Perry Anderson (1984) publica o artigo Modernity and Revolution na New Left Review que problematiza a abordagem de que a modernidade é uma linha contínua, em constante expansão. Anderson propõe que, contrariamente à crença de que o modernismo é a resposta cultural à experiência da modernidade, entendida enquanto modernização capitalista (social, tecnológica, econômica, etc), um estado irregular de modernidade é um dos pré-requisitos fundamentais para o desenvolvimento do modernismo. Ou seja, o modernismo requer uma modernidade que pode ser caracterizada como ainda não realizada totalmente, mas que ainda assim é prometida e promissora. Anderson inicia a sua análise criticando o enquadramento histórico do conceito de modernismo proposto por Marshall Berman em seu ensaio tudo que é sólido desmancha no ar para compor seu argumento: “É muito significativo que Berman tenha que reivindicar que a arte do modernismo tenha florescido, esteja florescendo como nunca antes durante o século XX”(ANDERSON, 1984: 102).

Para Anderson, existem três problemas fundamentais com esta leitura de modernismo. Primeiro, o modernismo enquanto um conjunto específico de proposições estéticas é datado precisamente do século XX. Esta localização histórica do modernismo no século XX segue uma lógica de contraste com formas realistas e clássicas dos séculos XIX, XIIX e anteriores. Assim, praticamente todos os textos literários analisados por Berman para compor o seu argumento precederiam o modernismo propriamente dito. O segundo ponto, que se processa enquanto continuação lógica do primeiro, é que, uma vez que se pensa o modernismo como um conjunto específico de proposições estéticas, historicamente datado do século XX, pode-se perceber como a sua distribuição geográfica se processou de forma desigual, mesmo pensando-se especificamente no mundo ocidental. Ele cita o caso da Inglaterra como o principal exemplo deste desbalanço modernista. Mesmo sendo o país pioneiro da industrialização capitalista e líder do mercado mundial por um século, não produziu nenhum movimento nativo de caráter modernista nas primeiras décadas do século XX. O caso inglês torna-se ainda mais emblemático quando pensamos, durante a mesma época, a dinâmica entre Inglaterra e outros países anglófonos que produziram explosões modernistas, como a Irlanda de James Joyce ou os Estados Unidos de Ezra Pound e T. S. Elliot. Assim, não é acidental que o caso inglês seja a grande ausência na análise desenvolvida por Marshall Berman em Tudo que é sólido desmancha no ar.

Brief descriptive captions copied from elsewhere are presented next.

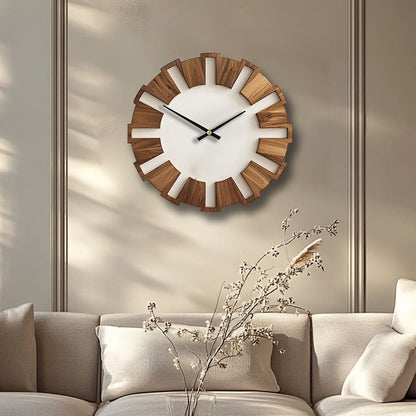 Wall Clock Wooden Silent Non-Ticking Battery-Powered Round Design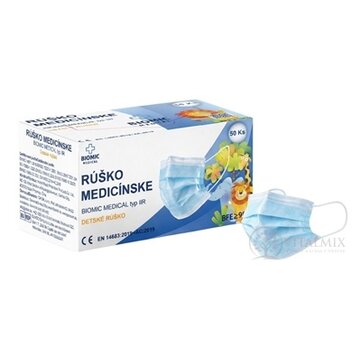 BIOMIC RÚŠKO medicínske detské modré, pre deti, jednorazové, typ IIR 1x50 ks obrázok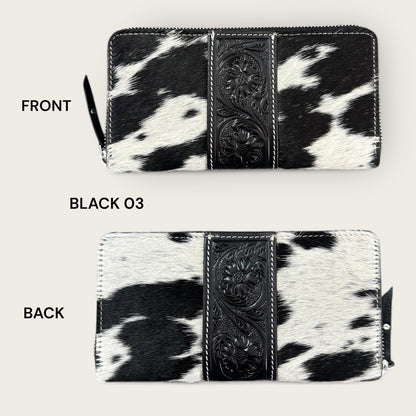 Large Cowhide and Leather Wallet with Tooling Details in Black and White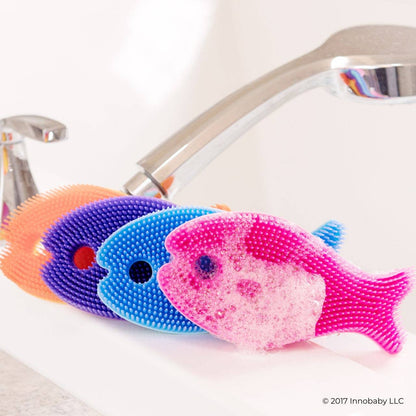 Silicone Bath Scrub / Fun Fish Shape Brush / Baby Bath Toy: Blue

A terceira objeção é que o conceito de modernismo proposto não estabelece nenhuma distinção nem entre as diferentes tendências estéticas que contrastam entre si e nem dentro da gama de práticas estéticas que compõem as diferentes formas artísticas. No final, para Anderson, Berman não foi capaz de fornecer, dentro de seus próprios termos de referência, qualquer explicação da divergência que ele lamenta entre arte e pensamento ou teoria e prática da modernidade no século XX. A hipótese proposta por Anderson para contrapor as ideias de Berman é, portanto, de que devemos procurar uma explicação conjectural para o conjunto de práticas estéticas e doutrinas agrupadas sob o conceito de modernismo. Esta explicação conjectural baseia-se na ideia da modernidade enquanto interseção de diferentes temporalidades históricas. O modernismo, dessa forma, seria melhor entendido como um campo cultural de forças triangulado por três coordenadas decisivas.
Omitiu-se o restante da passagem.